Image source: Getty Images.

Zebra's management expects some tariff expenses in 2025. The direct costs should add up to about $30 million in the second quarter and $70 million for the full fiscal year.

These costs will apply to Zebra's adjusted earnings before interest, taxes, depreciation, and amortization (EBITDA). To put the tariff impact into perspective, Zebra's adjusted EBITDA was $292 million in Q2 and $1.05 billion in fiscal year 2024. Hence, the tariff-based damage should be roughly 10% of adjusted EBITDA profits in the next quarter, slowing down to less than 7% for the full year.

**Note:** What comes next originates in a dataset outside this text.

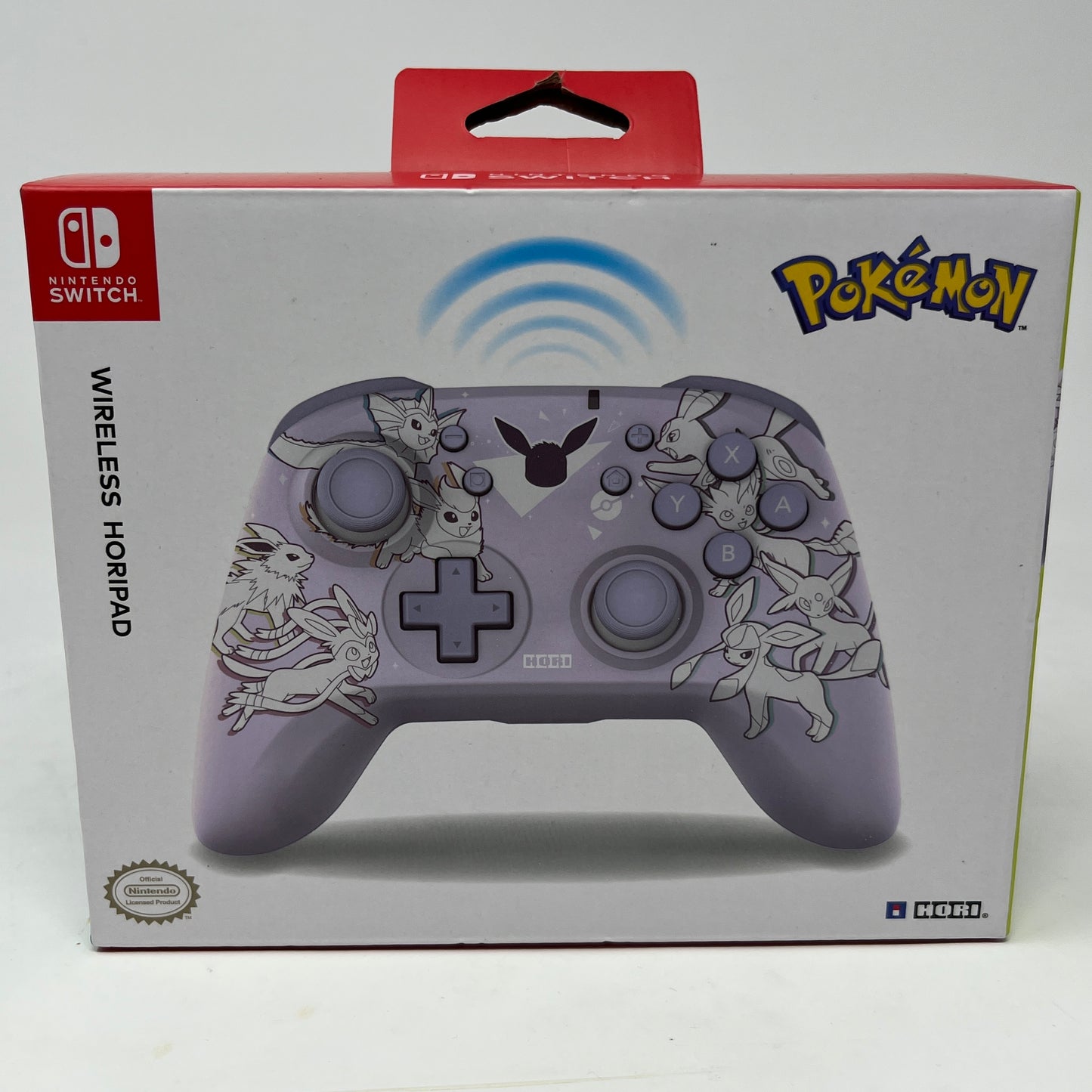 New Nintendo Wireless Horipad Eevee Evolutions NSW-501U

I realize that the first quarter played no part in the tariff drama, so it should be excluded from these calculations. The profit reduction still slows significantly in the second half, targeting a tariff cost of approximately 5% in that period. That's what I get after backing out the reported and estimated EBITDA numbers for the Q1 and Q2 periods.

Zebra's tariff expenses should be pretty manageable even in the first stage, followed by even lighter impacts later on. I got Zebra CEO Bill Burns on the phone and asked how the company is dodging those potentially massive tariff bills. Will Zebra benefit from the supply chain tweaks it made in recent years?

Bill agreed with my thesis, highlighting Zebra's diversified supply chain with an increasingly global network of manufacturing services and components.